Unlike the 2008 Michael Patrick King directorial 'Sex and The City' that faced a lot of criticism for allegedly ruining the superhit HBO television series of the same name was at the same time a super commercial film with the major aim of product placement. This Shashanka Ghosh directed chick flick falls on similar lines. The plot and the branding strategy is replicated exactly like the 2008 box-office disaster Sex and The City. Although what can save this film from being a Bollywood disaster is Kareena Kapoor Khan's comeback. She is the main reason of pulling vast audiences in the silver-screen. Failing with a flat plot of four lifelong friends who meet after 10 long years on the grand marriage occasion of one their best buddies.

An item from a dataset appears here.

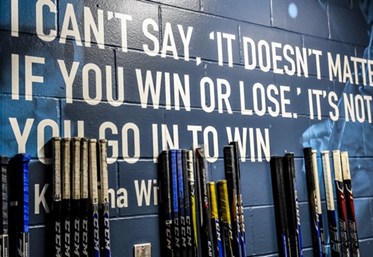 BUFFALO, NEW YORK - JANUARY 2: A quote by Katarina Witt on the wall inside Team Sweden's locker room provides inspiration to the players prior to their game against Slovakia during the quarterfinal round of the 2018 IIHF World Junior Championship. (Photo by Andrea Cardin/HHOF-IIHF Images)

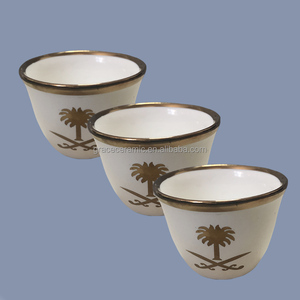Di Vendita caldo 90ML 120ML <span class=keywords><strong>Cappuccino</strong></span> Tazza di Porcellana Set Insieme della Tazza di Caffè Arabo Cawa Tazza Set Con <span class=keywords><strong>Oro</strong></span> Con La Montatura Nera - Product Image 4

It is Kalindi Puri aka Kareena Kapoor Khan who is commitment phobia due to her quarrelling parents from her childhood to her moved on dad in the present. Sumeet Vyaas who proposes Kareena is the leading man in the film and his presence is limited and precise. Kareena-Sumeet's chemistry is glitched and unsuitable. The most interesting character absolutely enduring to our eye was the tomb boyish Sakshi played by Swara Bhaskar married to an NRI from London but is now in India at her big shot Mayka. With crazy convertible cars and classy royal mansion, Swara plays a Richie rich drunkard woman bold and beautiful with her appearances. Next one is Avni Malhotra played by Sonam Kapoor an affluent divorce lawyer super strong on the professional end but seemingly depressed in her personal life with a desperation of marrying someone. She is not scared of hookups and even had one casual affair with a married man with wife and kids. That's absolutely fine being an Independent woman from India. Meera played by Shikha Talsania is the Quirk queen from the film and she was the only lady dominating all of them with her weight and funny one-liners. Moreover, we aren't convinced with this below average feature film full of brand placement and the males are thoroughly sidelined by comparatively less screen-time. There is no build-up as the first half starts from the school days intro of the girl gang and jumps to the proposal scene of Kareena Kapoor Khan and Sumeet Vyas. 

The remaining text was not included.